*** Opening Source data ***

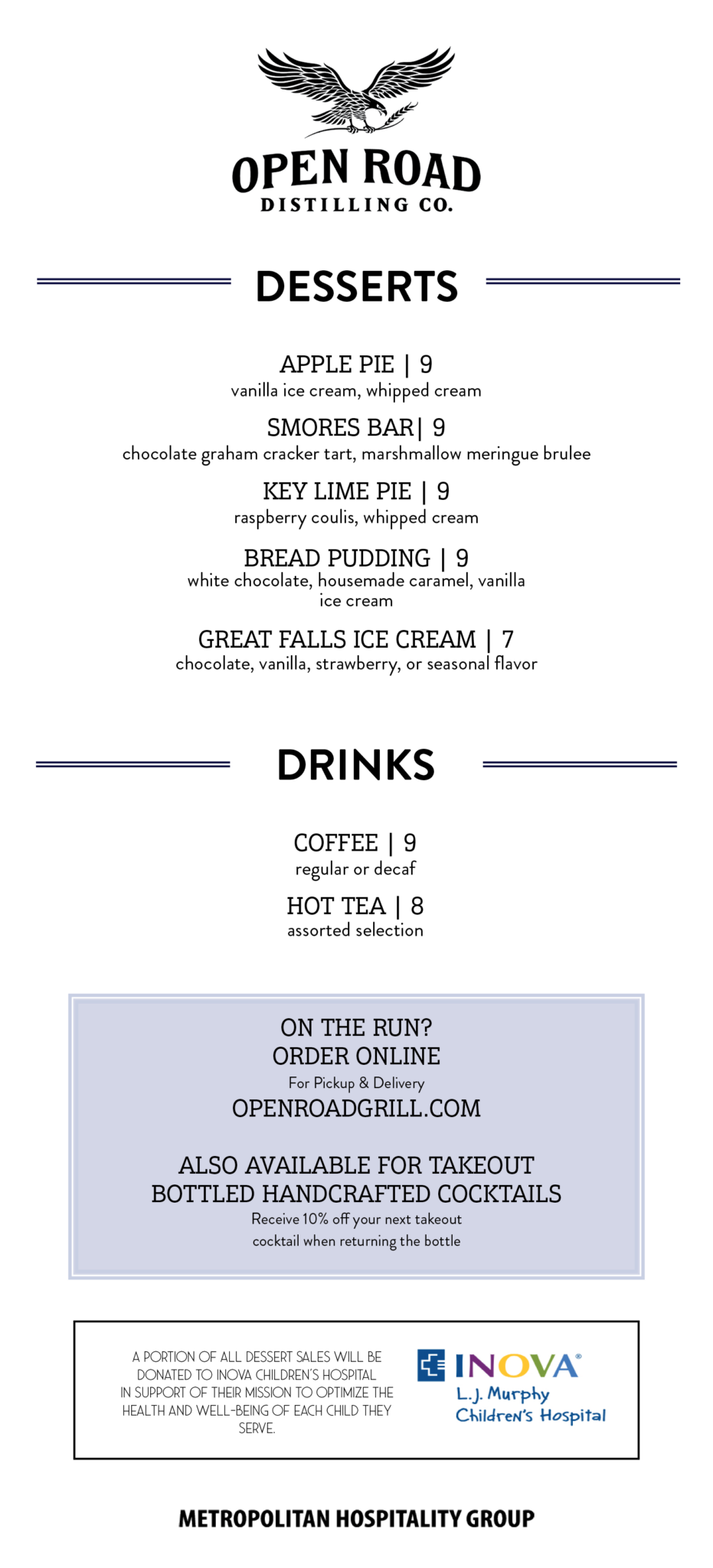 Menu Open Road Distillery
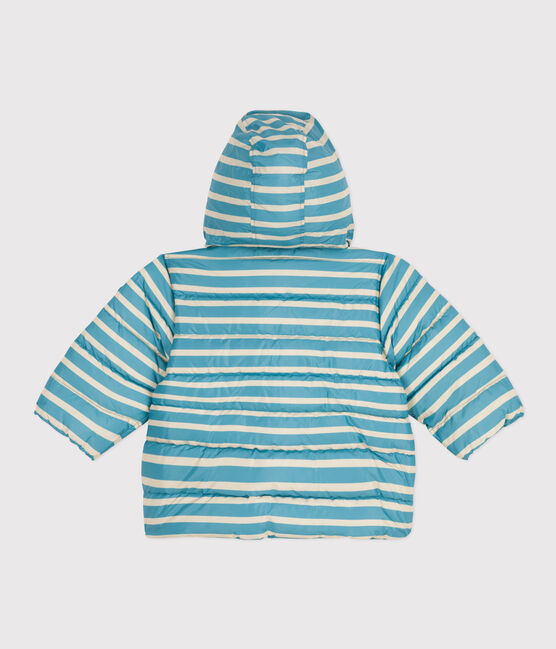 Doudoune rayée capuche rétractable bébé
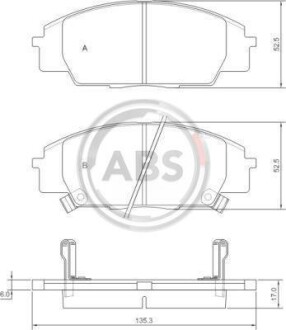 Гальмівні колодки дискові передн. Honda Civic, S2000, 2,0, 99-12 A.B.S. 37174 (фото 1)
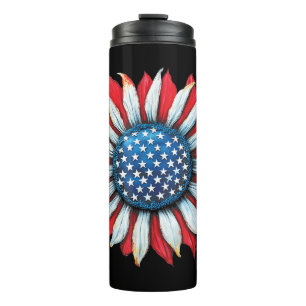 Sonnenblume American Flag 4. Juli Frauen Männer Me Thermosbecher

*** Closing Source data ***

- **Aim of the task**
The lines from the one containing "Doudoune rayée capuche rétractable bébé" to the final line of the material, both ends included, should be retyped exactly and alone, with no pictures.

- **Task result**
 Doudoune rayée capuche rétractable bébé
 Гальмівні колодки дискові передн. Honda Civic, S2000, 2,0, 99-12 A.B.S. 37174 (фото 1)
 Sonnenblume American Flag 4. Juli Frauen Männer Me Thermosbecher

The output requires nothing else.